Köylüler zaten fakir, bizleri beslemek için kendilerinden fedakarlık ettikleri bir gerçek. Bizse sunulan --dışarıya vermemiz yasak olan-- yiyeceği tıka basa yesek de bitiremiyoruz. Hemen her manastır faresinin göbekli ve uykucu olmasının sebebi de bu olsa gerek. Halbuki hemen her vaazda bahsi geçen Hurgiz'in insan ruhunda büyüyen yedi başak ve yedi diken konusunda, dikenlerin gübresi olarak çok yemekten de bir şeyler anlatılır. Çok yemenin insan ruhunu öldüren bir davranış olduğunu göbekli bir vaizden dinlemek ayrı bir acayiplik.

Manastırdaki bu vaziyetin keşişlerin kafasında elbette bir açıklaması var.

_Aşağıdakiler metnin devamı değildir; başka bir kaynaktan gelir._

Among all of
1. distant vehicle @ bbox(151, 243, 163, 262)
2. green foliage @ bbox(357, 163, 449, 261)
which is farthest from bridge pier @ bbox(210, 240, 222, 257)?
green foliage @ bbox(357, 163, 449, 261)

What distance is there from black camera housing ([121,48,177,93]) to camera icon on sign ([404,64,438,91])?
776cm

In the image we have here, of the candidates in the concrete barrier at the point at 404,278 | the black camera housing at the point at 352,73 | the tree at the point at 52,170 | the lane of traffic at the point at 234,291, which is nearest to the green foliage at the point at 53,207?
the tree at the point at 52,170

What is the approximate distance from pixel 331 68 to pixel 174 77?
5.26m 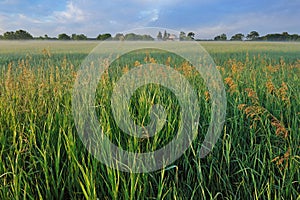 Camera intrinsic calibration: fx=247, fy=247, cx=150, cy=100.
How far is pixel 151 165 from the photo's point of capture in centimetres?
160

Sorunca söylenen, mesela yemek bahsiyle ilgili Cevralkiya'nın Rahip midesinin yoluna çıkmasına engel olmak için haracını verebilmelidir sözü. Rahipler zaten hep sağa sola haraç veren tipler, midelerine de vermeleri alışkanlık icabı. Sözleri sadece köylülere geçiyor, onların da ermişten daha ermiş olduklarını değil, az bir miktarla cenneti alacak kadar gözüaçık olduklarını düşünüyorum sadece.

İnsanlara açıklamalar sunabilmek, ikna etmek anlamına gelmiyor. Dillerini hapsedip, inanmaları gereken vaadlerle ellerini çalıştırabiliyorsunuz, lakin gönülleri teslim olmuyor. Duacıların kendi söylediklerine inanmadıklarına her gün şahit oluyorum. Dört sene önce Hurgiz ve talebelerine daha çok saygım vardı, aralarına karıştıktan sonra ben de onlardan biri oldum.

Bir bilge olacağım, laf karşılığı yemek sadece böyle kazanılıyor.